Exactly retype the lines from the top of the data through the line containing "Now we have", leaving out every picture.

### DATA SEGMENT ###

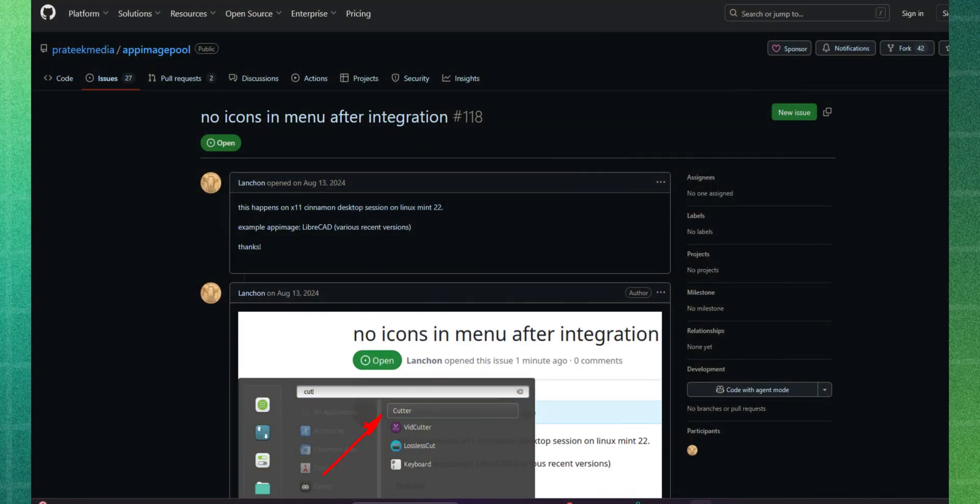Apparently, it is a known bug that has not been fixed yet. Although, it is a promising application as it lets you integrate and disintegrate AppImages easily along with giving an app store-like feel, but the bugs spoil the experience here. I advise sticking with GearLever for the moment.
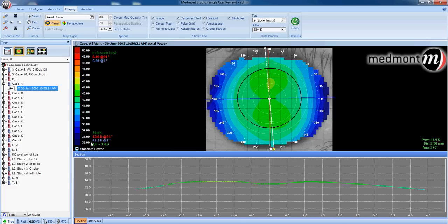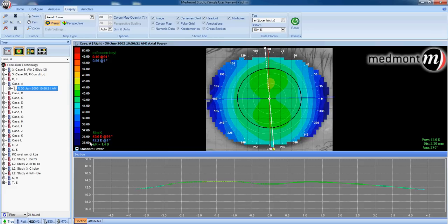Now we have a 15 diopter scale range that's absolute, absolute meaning it will always be from 50 to 35. And you can determine where that patient falls within that scale.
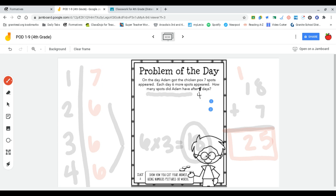So Adam had 25 spots after four days. And you are going to be solving after five.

###

◆ **TASK OUTPUT**:
Apparently, it is a known bug that has not been fixed yet. Although, it is a promising application as it lets you integrate and disintegrate AppImages easily along with giving an app store-like feel, but the bugs spoil the experience here. I advise sticking with GearLever for the moment.
Now we have a 15 diopter scale range that's absolute, absolute meaning it will always be from 50 to 35. And you can determine where that patient falls within that scale.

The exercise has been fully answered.